Worth noting - we did not invite anyone (nor did anyone attend) from Le Pen’s party in France to the Counterjihad conference, due to his current and past positions on Israel, the Holocaust and anti-semitism. And if we had, we have no idea if they would have accepted; like all political parties they have their own objectives. However, Le Pen is far from a marginal actor in France; he came in second to Chirac in the 2002 presidential election, and finished fourth in the 2007 election.
We suggest looking for the possible movement of Le Pen’s political party Front National towards the center-right, as they may change their platform to pro-active support to improve the situations of European Jews and Israel. The same trend is happening in Austria, and with the BNP in the UK (also not invited and did not attend the conference).

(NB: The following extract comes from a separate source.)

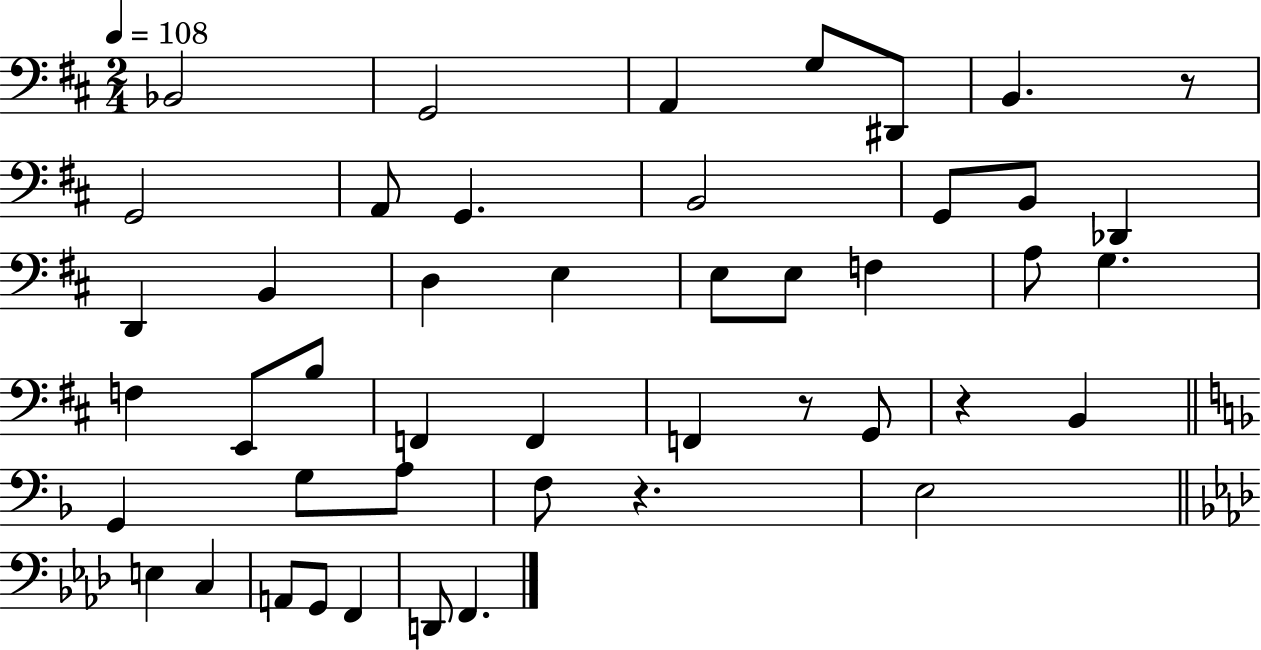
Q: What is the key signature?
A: D major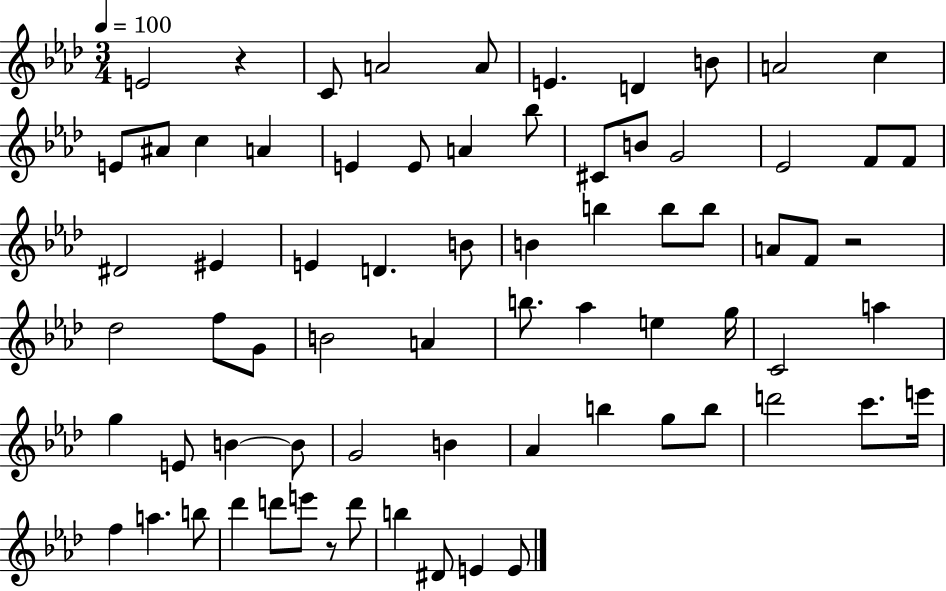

If such parties specifically state pro-Israel positions, and take real actions opposing anti-semitism and disavowing previous positions - and reach out to Jewish constituents and encourage Jewish participation in party positions - these are real actions to observe, and to approve. They have not done this yet - but are starting. If they have representation in the EU Parliament or their national parliaments, their statements and how they vote are other good indicators. Ben-Simon’s article shows the trend:
AIX-EN-PROVENCE, France - Two small and vulnerable communities, one
constituting about 1 percent of the population and the other about 10 percent,
are the fulcrum of the 2007 French presidential elections. The Jews and Muslims
in France have fulfilled a decisive role in determining the political agenda for
some 60 million French people.
First, the Jews were hit. In the fall of 2000, when the Muslims began
to avenge the damage done to their Palestinian brethren in the territories, the
lives of the Jews of France changed. Within months, hundreds of attacks on Jews
and Jewish institutions were reported. Community leaders raised the alarm, but
the French government dismissed the events as incidents perpetrated by criminals
or delinquent youths.
The socialist government headed by Prime Minister Lionel Jospin
deciphered the new reality, but feared sparking a communal and ethnic
conflagration that would set fire to the republic. Thus, only rarely did
government spokesmen mention the ethnic origin of the perpetrators or their
victims. Only when synagogues and schools were hit was their link to Judaism
mentioned. Only when Jews took to the streets and demanded that their country
protect them, waving the flag of Israel alongside the French flag, did France
concede that this was a new wave of anti-Semitism. In the past it had taken a
Christian form; this time, it was described as Muslim anti-Semitism.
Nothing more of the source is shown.